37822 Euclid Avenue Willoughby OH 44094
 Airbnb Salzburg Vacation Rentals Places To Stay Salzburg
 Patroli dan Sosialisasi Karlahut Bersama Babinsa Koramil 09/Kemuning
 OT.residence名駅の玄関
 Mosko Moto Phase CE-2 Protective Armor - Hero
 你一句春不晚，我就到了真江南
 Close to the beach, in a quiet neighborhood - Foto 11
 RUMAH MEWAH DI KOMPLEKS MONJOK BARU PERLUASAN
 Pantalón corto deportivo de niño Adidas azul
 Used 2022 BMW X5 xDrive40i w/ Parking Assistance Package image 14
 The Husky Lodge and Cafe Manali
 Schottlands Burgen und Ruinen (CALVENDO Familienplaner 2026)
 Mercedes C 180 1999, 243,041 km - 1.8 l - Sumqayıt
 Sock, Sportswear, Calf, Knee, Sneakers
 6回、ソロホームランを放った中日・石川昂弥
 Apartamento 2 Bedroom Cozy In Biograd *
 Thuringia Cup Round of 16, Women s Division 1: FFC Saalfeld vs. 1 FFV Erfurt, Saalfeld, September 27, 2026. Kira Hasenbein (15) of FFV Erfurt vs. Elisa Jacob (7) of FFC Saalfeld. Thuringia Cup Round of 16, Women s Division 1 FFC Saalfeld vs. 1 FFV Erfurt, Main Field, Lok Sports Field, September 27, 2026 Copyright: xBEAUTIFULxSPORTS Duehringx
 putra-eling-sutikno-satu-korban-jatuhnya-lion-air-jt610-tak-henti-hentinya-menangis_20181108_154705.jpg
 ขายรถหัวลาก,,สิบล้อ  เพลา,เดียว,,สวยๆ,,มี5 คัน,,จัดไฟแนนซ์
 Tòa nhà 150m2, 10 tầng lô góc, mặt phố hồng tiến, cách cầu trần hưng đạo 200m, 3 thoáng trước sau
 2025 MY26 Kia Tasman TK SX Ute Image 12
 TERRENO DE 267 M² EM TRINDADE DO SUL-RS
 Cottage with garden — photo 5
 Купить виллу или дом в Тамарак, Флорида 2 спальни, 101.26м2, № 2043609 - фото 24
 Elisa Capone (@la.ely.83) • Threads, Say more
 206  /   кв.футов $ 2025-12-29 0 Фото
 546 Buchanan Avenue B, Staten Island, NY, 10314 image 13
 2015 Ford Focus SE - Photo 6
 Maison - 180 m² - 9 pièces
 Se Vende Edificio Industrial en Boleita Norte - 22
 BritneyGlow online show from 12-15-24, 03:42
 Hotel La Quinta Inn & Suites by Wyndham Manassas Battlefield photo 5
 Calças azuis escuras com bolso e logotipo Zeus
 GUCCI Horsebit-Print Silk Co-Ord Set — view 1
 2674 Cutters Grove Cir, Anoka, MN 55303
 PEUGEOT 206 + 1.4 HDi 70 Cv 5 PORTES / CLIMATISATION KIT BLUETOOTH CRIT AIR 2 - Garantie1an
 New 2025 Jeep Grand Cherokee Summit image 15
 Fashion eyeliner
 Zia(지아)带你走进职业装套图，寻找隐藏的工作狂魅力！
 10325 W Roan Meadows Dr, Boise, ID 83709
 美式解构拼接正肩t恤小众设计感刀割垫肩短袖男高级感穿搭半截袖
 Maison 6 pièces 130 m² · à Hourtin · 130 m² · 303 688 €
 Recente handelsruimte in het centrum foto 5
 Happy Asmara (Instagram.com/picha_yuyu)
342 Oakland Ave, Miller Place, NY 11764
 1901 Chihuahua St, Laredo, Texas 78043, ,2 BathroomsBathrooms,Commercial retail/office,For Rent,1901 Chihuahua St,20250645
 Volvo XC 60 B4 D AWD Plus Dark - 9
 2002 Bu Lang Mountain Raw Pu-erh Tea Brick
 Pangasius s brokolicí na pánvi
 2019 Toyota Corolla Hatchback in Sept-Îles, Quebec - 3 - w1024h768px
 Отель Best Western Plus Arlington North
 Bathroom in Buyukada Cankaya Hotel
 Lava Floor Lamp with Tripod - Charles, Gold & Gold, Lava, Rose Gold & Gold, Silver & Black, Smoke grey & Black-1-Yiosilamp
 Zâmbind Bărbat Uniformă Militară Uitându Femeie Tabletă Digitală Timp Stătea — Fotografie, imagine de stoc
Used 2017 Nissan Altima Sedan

* * * * * * * * *

## Problem
Return only this span, exactly: the line that contains "546 Buchanan Avenue" and all lines after it to the end of the records.

## Solution to the problem
 546 Buchanan Avenue B, Staten Island, NY, 10314 image 13
 2015 Ford Focus SE - Photo 6
 Maison - 180 m² - 9 pièces
 Se Vende Edificio Industrial en Boleita Norte - 22
 BritneyGlow online show from 12-15-24, 03:42
 Hotel La Quinta Inn & Suites by Wyndham Manassas Battlefield photo 5
 Calças azuis escuras com bolso e logotipo Zeus
 GUCCI Horsebit-Print Silk Co-Ord Set — view 1
 2674 Cutters Grove Cir, Anoka, MN 55303
 PEUGEOT 206 + 1.4 HDi 70 Cv 5 PORTES / CLIMATISATION KIT BLUETOOTH CRIT AIR 2 - Garantie1an
 New 2025 Jeep Grand Cherokee Summit image 15
 Fashion eyeliner
 Zia(지아)带你走进职业装套图，寻找隐藏的工作狂魅力！
 10325 W Roan Meadows Dr, Boise, ID 83709
 美式解构拼接正肩t恤小众设计感刀割垫肩短袖男高级感穿搭半截袖
 Maison 6 pièces 130 m² · à Hourtin · 130 m² · 303 688 €
 Recente handelsruimte in het centrum foto 5
 Happy Asmara (Instagram.com/picha_yuyu)
342 Oakland Ave, Miller Place, NY 11764
 1901 Chihuahua St, Laredo, Texas 78043, ,2 BathroomsBathrooms,Commercial retail/office,For Rent,1901 Chihuahua St,20250645
 Volvo XC 60 B4 D AWD Plus Dark - 9
 2002 Bu Lang Mountain Raw Pu-erh Tea Brick
 Pangasius s brokolicí na pánvi
 2019 Toyota Corolla Hatchback in Sept-Îles, Quebec - 3 - w1024h768px
 Отель Best Western Plus Arlington North
 Bathroom in Buyukada Cankaya Hotel
 Lava Floor Lamp with Tripod - Charles, Gold & Gold, Lava, Rose Gold & Gold, Silver & Black, Smoke grey & Black-1-Yiosilamp
 Zâmbind Bărbat Uniformă Militară Uitându Femeie Tabletă Digitală Timp Stătea — Fotografie, imagine de stoc
Used 2017 Nissan Altima Sedan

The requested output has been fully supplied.